Ich bin ja so peinlich

Eine Mutter zum Fremdschämen: Szene aus dem Film «Gregs Tagebuch – Von Idioten umzingelt. (Foto: 20th Century Fox)

Eine Mutter zum Fremdschämen: Szene aus dem Film «Gregs Tagebuch – Von Idioten umzingelt. (Foto: 20th Century Fox)

Gott, bin ich peinlich. Seit etwa einem halben Jahr muss man sich fremd schämen, wenn ich irgendwo auftauche. Ich lache zu laut, das könnte man wirklich etwas leiser tun. Ich grüsse zu fröhlich, auch das ginge diskreter. Ich bewege mich im Takt der Musik, die irgendwo dudelt…- PEINLICH.

An gewissen Orten bin ich wegen solcher Verhaltensauffälligkeiten bereits unerwünscht: Die Umgebung um das Schulhaus ist tabu, und das eine Seebad durfte ich diesen Sommer nicht betreten. Ich war eine Persona non grata. Wäre ich dort aufgetaucht, man hätte mich mit konsequenter Nichtbeachtung bestraft – wenn nicht gar auf direktem Weg hinausspediert. Also ging ich in die andere Seebadi und gesellte mich zu den anderen peinlichen Frauen.

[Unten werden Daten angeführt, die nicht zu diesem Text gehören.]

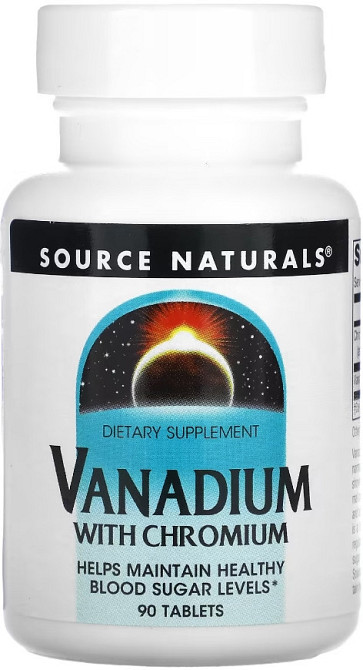 Ванадій з хромом Source Naturals Vanadium with Chromium 90 tabs Київ - фото 1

Weil ich plötzlich derart daneben bin, achte ich stärker darauf, ob und wann ich mich deplaziert verhalte. Oh, ich laufe zu nah neben meinem Sohn her, das geht nun wirklich nicht. Ich streiche ihm in einem unüberlegten Moment über sein weiches Haar. Äh, alles okay Mami? Ich schlage vor, er solle doch nach draussen spielen gehen. Spielen!? Jungs wie er spielen nicht mehr. Ich verwickle seinen Schulfreund in ein zu langes Gespräch, so etwa zwei, drei Sätze lang. Peino! Und dann meine Frisur manchmal – nun ja, Sie wissen schon.

Interessant ist, dass man sich für mich immer nur ausserhalb meiner eigenen vier Wände schämen muss. Zuhause bin ich ganz ok (sprich: o-ka). Ich darf mich durchaus meinem eigenen Naturell entsprechend verhalten. Das heisst, lachen, wann und so laut ich will und dabei vom Gegenüber höchstens ein Paar rollende Augen riskieren. Mein Fast-Teenager lacht jedoch häufig mit. Er umarmt und küsst mich auch mal und sagt, dass ich im Fall die beste Mami sei. Meist kommt dann allerdings noch was nachgeschoben, wie: Machst du mal wieder die feine Lasagne? Konntest du den neongrünen Pulli bereits waschen? Spielst du mit mir ein Yatzy? Und wann endlich gehen wir gemeinsam nach Paris? Weisst du, nur du und ich?

Ich beobachte diese «Mami ist so peinlich»-Phase durchaus amüsiert. Ist doch alles schön normal und im grünen Bereich, entgegne ich Freunden, die mich ehrlich bemitleiden, wenn wir davon zu sprechen beginnen. Zum Glück beginnt mein Sohn mich, die anderen und auch sich selbst mit anderen Augen zu sehen – und nabelt sich langsam ab, sage ich dann. Es ist für die Zukunft der Kinder wohl kaum erstrebenswert, dass sie bis ins Erwachsenenalter mit den Eltern in voller Symbiose leben.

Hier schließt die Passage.